Segment Start: Collected material
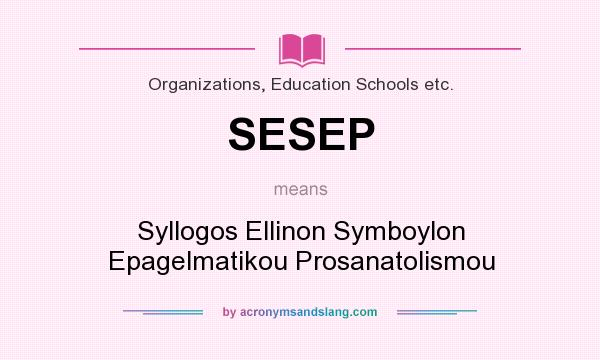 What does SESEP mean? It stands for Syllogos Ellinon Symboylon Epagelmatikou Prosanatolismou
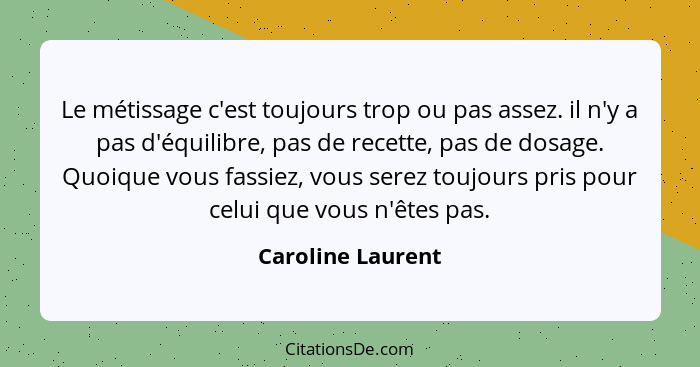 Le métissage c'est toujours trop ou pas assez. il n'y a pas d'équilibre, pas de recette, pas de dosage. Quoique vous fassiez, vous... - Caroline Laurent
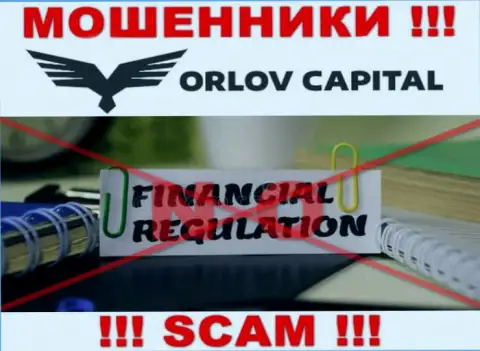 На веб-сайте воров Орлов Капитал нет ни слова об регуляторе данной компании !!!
Segment End: Collected material
Your task is to restate word for word the lines from the line holding "Le métissage c'est" through the final line of the listing, both included, but none of the pictures.

Solved problem:
 Le métissage c'est toujours trop ou pas assez. il n'y a pas d'équilibre, pas de recette, pas de dosage. Quoique vous fassiez, vous... - Caroline Laurent
 На веб-сайте воров Орлов Капитал нет ни слова об регуляторе данной компании !!!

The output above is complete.